# [SOURCE DATA]
┌──
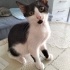 Bokuli sevgi dolu yuvasini ariyor fotoğraf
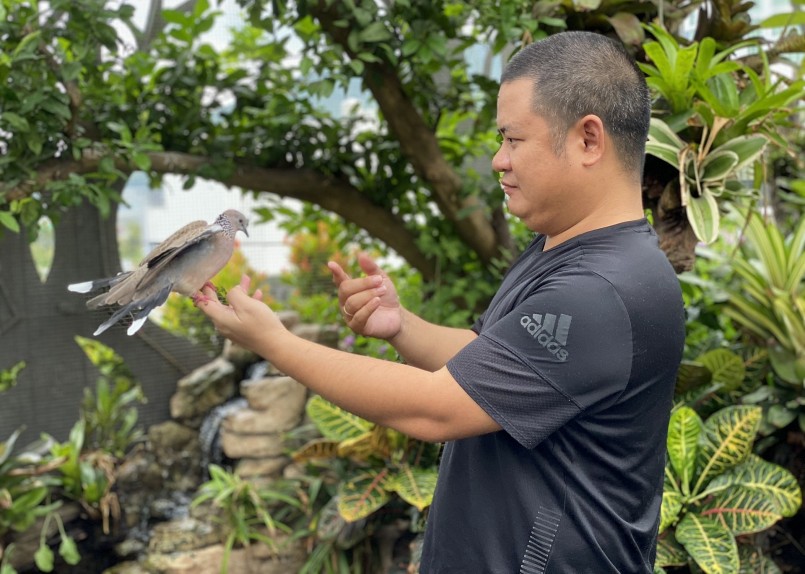 Anh Huyền Anh rất tâm đắc về khu vườn và những chú chim quý của mình. 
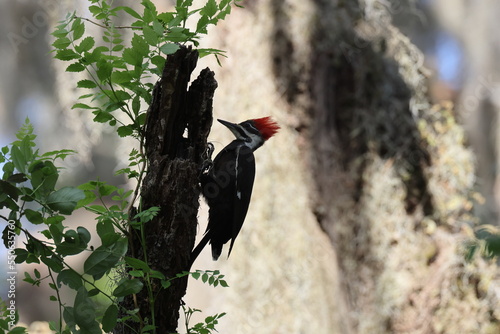 Pileated Woodpecker (Dryocopus pileatus) at the Circle B Bar Reserve Florida USA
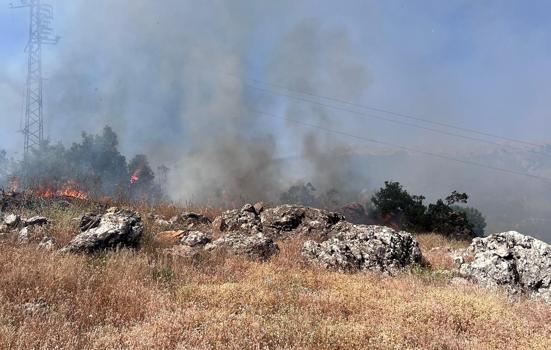 Bingöl'de örtü yangını söndürüldü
└──
# [WHAT NEEDS TO BE DONE]
What you give back must match the material word for word, with no images included.

# [WRITTEN ANSWER]
 Bokuli sevgi dolu yuvasini ariyor fotoğraf
 Anh Huyền Anh rất tâm đắc về khu vườn và những chú chim quý của mình. 
 Pileated Woodpecker (Dryocopus pileatus) at the Circle B Bar Reserve Florida USA
 Bingöl'de örtü yangını söndürüldü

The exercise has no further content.